In addition, the current research considers the millimeter wave sensor for low-speed objects (i.e. below 5 km/h) or the poor recognition rate of static objects in combining the millimeter wave and laser sensors. The measured data likewise properly processed to approximate the actual driving state data.
Method
Overall structure and control logic of the ACC system
The ACC system mainly comprises sensors, control units, actuators, and user interfaces. Figure 2 shows the overall structure of this system. The inputs of the ACC system are real-time spacing, relative speed, ACC vehicle speed, ACC vehicle acceleration, ACC steering wheel angle, cruise speed, and cruise mode set by the user. The outputs are the engine throttle opening and duty cycle of the brake motor. In addition, the vehicle status information outputted to the monitor. As the experimental vehicle used in this study has an automatic transmission, the gear changing work done by the vehicle control system itself.

Overall structure diagram of ACC.
For low-speed or stationary objects, the error rate of the millimeter wave sensor is relatively high. Thus, a laser sensor is added to measure the spacing between the ACC vehicle and front obstacle. The ultrasonic sensor begins to function when the ACC vehicle and obstruction are below 2.5 m apart. There are three reasons why ultrasonic sensor is used. First, millimeter wave sensor’s error rate will be relatively high when the current target speed is less than 5 km/h or at rest. Second, the minimum effective measurement distance of laser ranging sensor is 1 m. The measurement accuracy cannot be guaranteed when the distance is less than 1 m.
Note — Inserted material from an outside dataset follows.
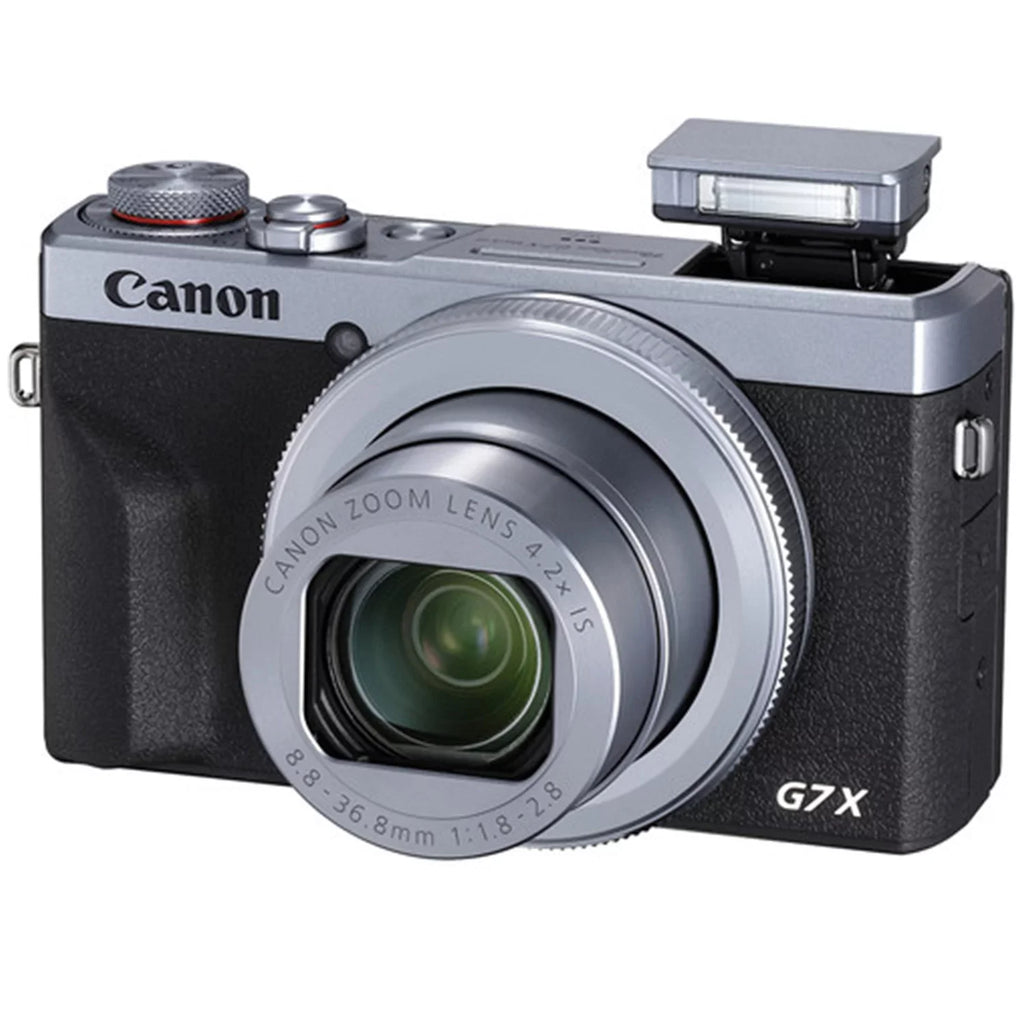 (Silver) Bundle + with Card + Tripod III ZeeTech Camera X Mark G7 Canon Pieces 64GB Professional 2 Digital SanDisk Case Memory + PowerShot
Third, when the target distance is within 2.5 m, the ultrasonic sensor’s measurement accuracy is higher than that of the laser and millimeter wave sensors. Therefore, when the current target speed is less than 5 km/h and the distance from the ACC vehicle is less than 1 m, the ultrasound is more secure.
The ACC system comprises three layers, namely, pattern selection, decision, and execution layers. The main function of the mode selection layer is to enable the driver to switch to the favorite control mode based on his preferences. The decision layer provides a real-time calculation of the expected acceleration in the corresponding control mode. The execution layer achieves the desired acceleration by adjusting the throttle opening or braking force. Figure 3 shows the ACC logic control chart.

ACC logic control chart.
Location and parameters of the sensor
This study uses three types of spacing measurement sensors, namely, laser ranging, millimeter wave radar, and ultrasonic spacing measurement sensors. Figure 4(a) shows that the laser ranging sensors are installed on both sides of the car. The millimeter wave radar is installed behind the vehicle logo. Meanwhile, four ultrasonic sensors are installed in front of the car. Figure 4(b) shows that the accelerometer is installed at the center of the car, the corner sensor is installed under the steering wheel, the monitor is installed in front of the driver, and the data collector and motor are installed on the floor in front of the co-pilot.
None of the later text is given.